I have a memory of being a child living in an apartment. My mother was out for some reason and it was a cold winter day. I heard her putting the key into the door and since the door had multiple locks I jumped up and ran to the door to help. When the door opened up I felt a blast of cold air as she grabbed me and hugged me. I could smell the scent of rain and snow mixed in with her normal mom smell. The cool feeling of her outside jacked was cold to the touch but warm to my heart. This is one of my favorite memories but it is truly hard to describe.
Everything we can manage is the result of something we can produce. We can suppress emotions but we can’t really manage them. We can suppress our reaction to something as long as we can condition our minds to respond to input based on practices of conditioning. In other words, if you are boxer, you may have a condition where you tolerate more pain but we technically can’t manage it.
A collection of knowledge is a “best attempt” to get information about something. Imagine if we sought to collect all of the knowledge you have, how could this be done? You don’t even have access to all of your knowledge. In fact, we rationalize the things we don’t know by addressing them with faith. I don’t mean religion when I say faith, I mean a rule of expectation. These rules of expectation allow us to perform tasks. They are short cuts that our brains use to be effective.
When collecting knowledge, we have to unearth the short cuts.
When you turn on your computer, you have an expectation that it will perform as you expect. You may not possess all of the knowledge in the device, all of the knowledge that the device is connected with and/or the knowledge to make the device itself function.
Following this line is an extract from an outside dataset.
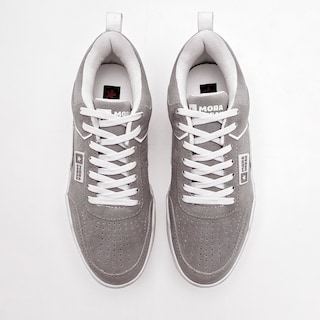 Foto 3 | Foto 3 | Mora Urban Tenis Urbano Para Joven Gris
If you wanted to collect knowledge about the device, you would seek out all of these things and more. In a way, it doesn’t make sense. What a lot of people say at that point of complication is “it is what it is.” Why? Because we can only manage so much and tolerate so much, there are thresholds that we should consider.
We might consider the term Knowledge Management a false harmony. We can see an explicit list of things in a collection but it would be at best faith to consider that we could attain an understanding and rationalization of this list of things.
Why are we looking for Waldo?
What is the purpose of Waldo?
Even though there is a lot of information here, the knowledge to find Waldo in fact lives outside of the picture in your head. I will find Waldo either before or after you find Waldo. In fact, the only way I could find Waldo faster than you for certain is if I had this picture before you and I know where he is. One thing is for sure for most of us, we have faith and belief that Waldo is in fact in this image. What if he isn’t there? The shortcut of belief that Waldo is in the picture allows us to set the stage to spend more time looking for Waldo. I could present you with the answer of where Waldo is or you could go on the learning journey of discovery and find Waldo yourself.
It all boils down to the fact that it is all complicated. We could even consider that depending on our level of tolerance for frustration and patience that you or I may never find Waldo.
Knowledge Management Considerations
We could consider that since we have the technology to collect but we don’t have the capacity to yet understand the wholeness of a collection, that we still need to consider and maintain the value of our subject matter experts.
Knowledge has the most fidelity at the personal level. We should consider that any overall Knowledge Management practice will always end with something to collect and someone to maintain or interpret the collection. As opposed to gaining the collection as an holistically explicit thing unto itself.